───── Dataset records ─────
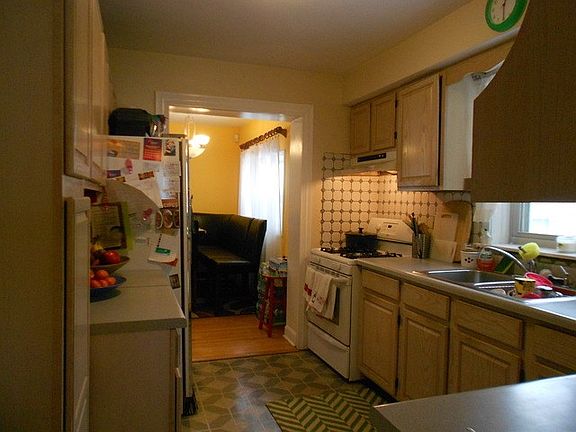 4th image of 6959 W Summerdale Ave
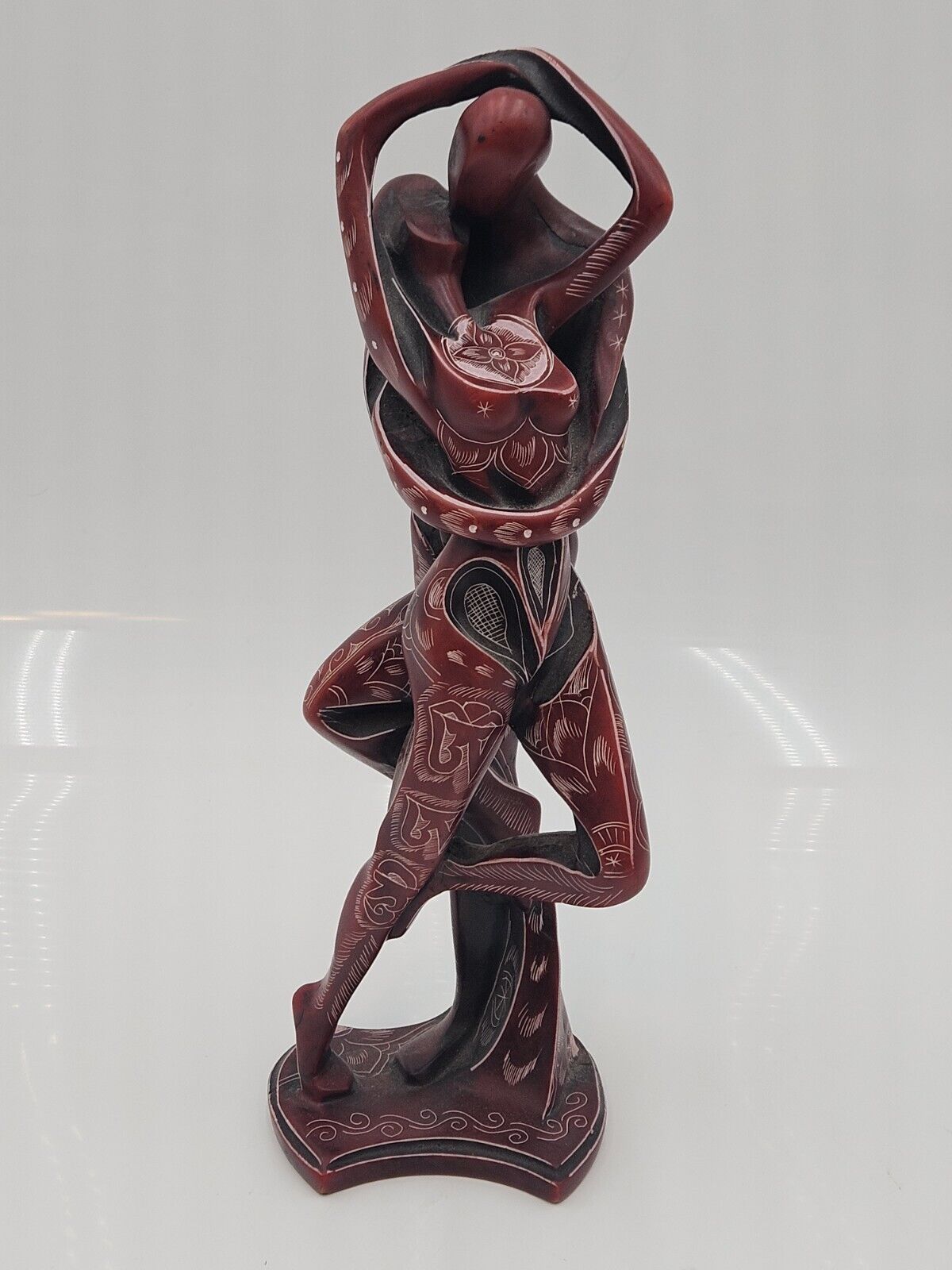 Stunning Sculpture Of A Man And Woman Embraced And Painted Figurine 12 Inch 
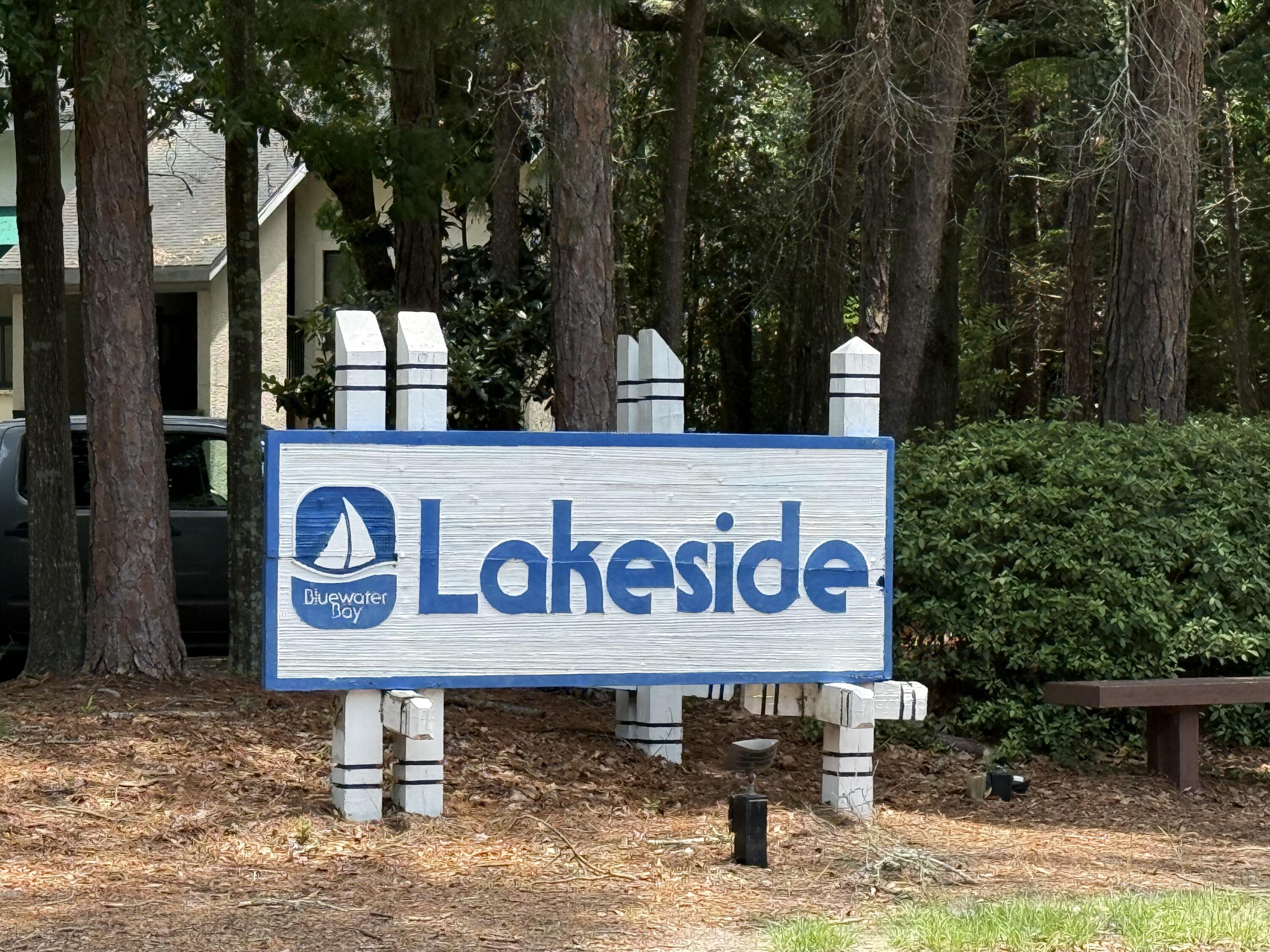 LAKESIDE CONDO AT BLUEWATER BAY - Residential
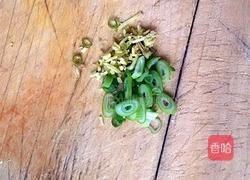 西红柿疙瘩鸡蛋汤的做法图解2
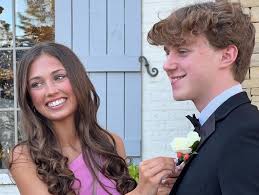 Kevin Essary (@kevindavidessary) • Instagram photos and videos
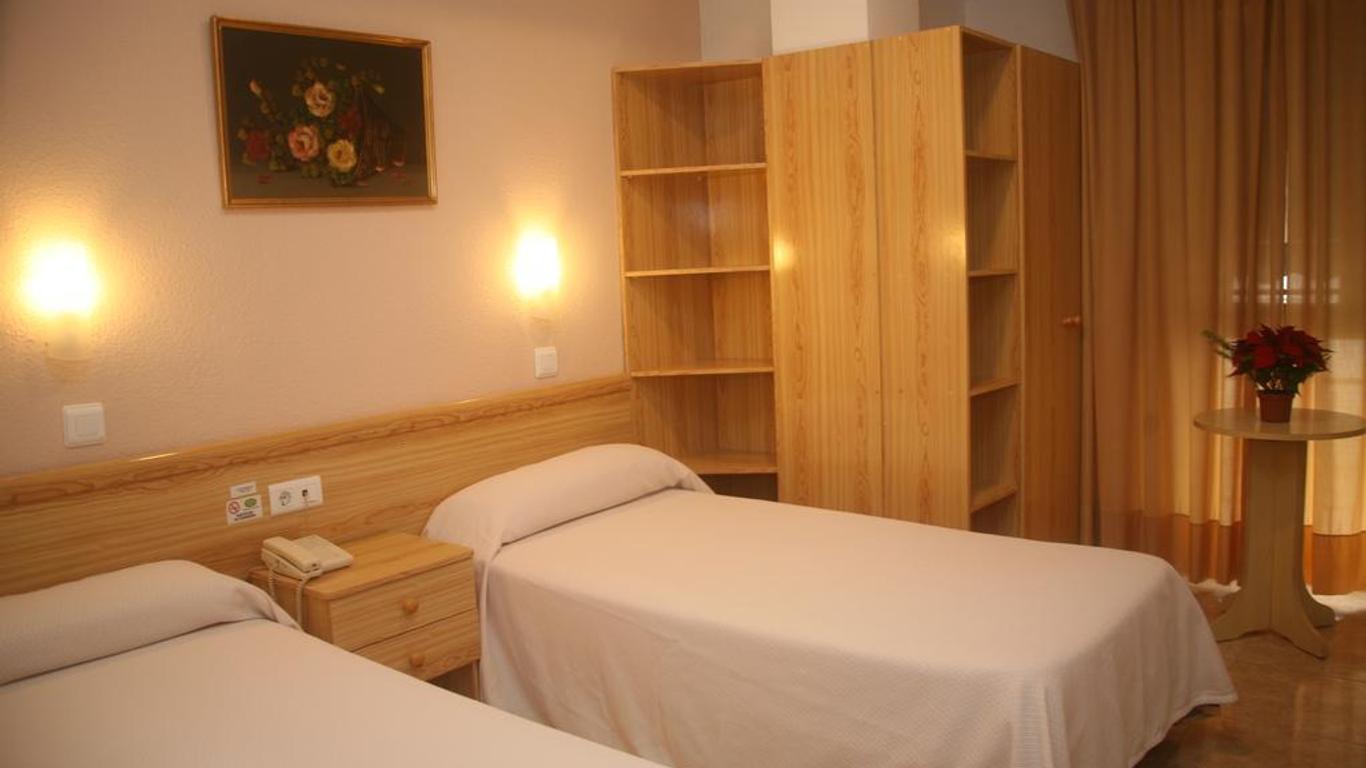 Hostal El Altet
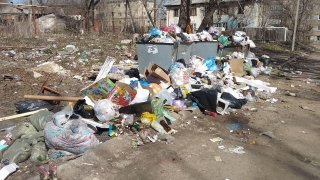 Губернатор возмущен мусором на улицах Ленинского района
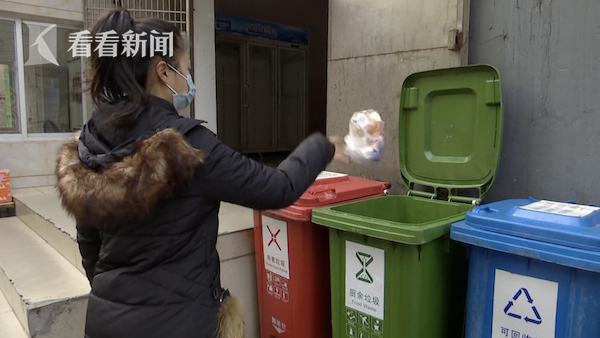 Người phụ nữ đột ngột đứt gân ngón tay khi đang đi vứt rác, nguyên nhân được tiết lộ khiến ai cũng phải tự ngẫm lại bản thân mình - Ảnh 1.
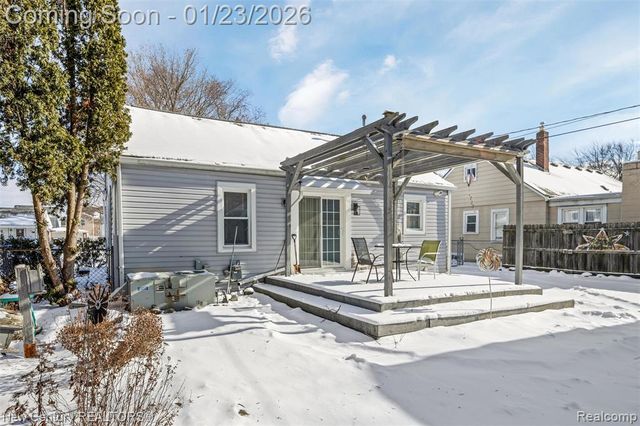 14173 San Jose Avenue, Redford, MI 48239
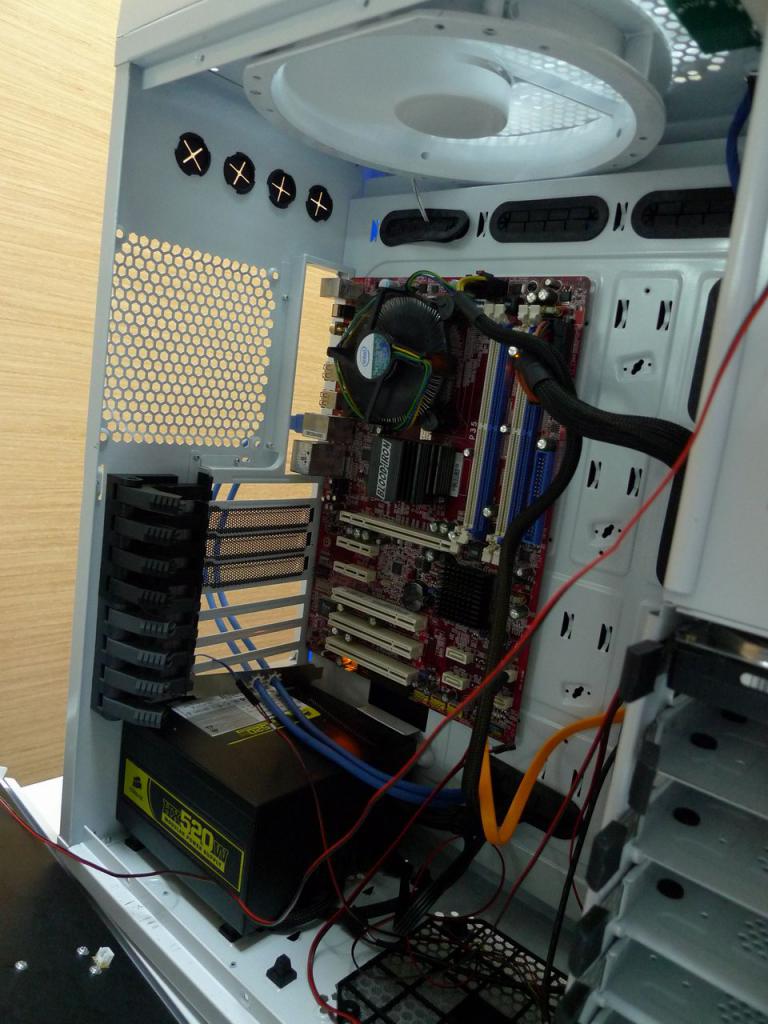 [29/05/2010] Bitfenix Colossus (13)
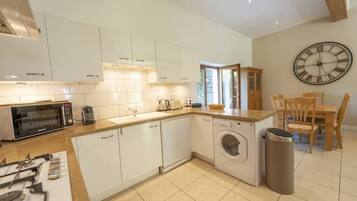 Batterie de cuisine, vaisselle et ustensiles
─────
_Aim of the exercise_
Where pictures sit among the data above, omit them, and output the rest exactly.

_Exercise response_
 4th image of 6959 W Summerdale Ave
 Stunning Sculpture Of A Man And Woman Embraced And Painted Figurine 12 Inch 
 LAKESIDE CONDO AT BLUEWATER BAY - Residential
 西红柿疙瘩鸡蛋汤的做法图解2
 Kevin Essary (@kevindavidessary) • Instagram photos and videos
 Hostal El Altet
 Губернатор возмущен мусором на улицах Ленинского района
 Người phụ nữ đột ngột đứt gân ngón tay khi đang đi vứt rác, nguyên nhân được tiết lộ khiến ai cũng phải tự ngẫm lại bản thân mình - Ảnh 1.
 14173 San Jose Avenue, Redford, MI 48239
 [29/05/2010] Bitfenix Colossus (13)
 Batterie de cuisine, vaisselle et ustensiles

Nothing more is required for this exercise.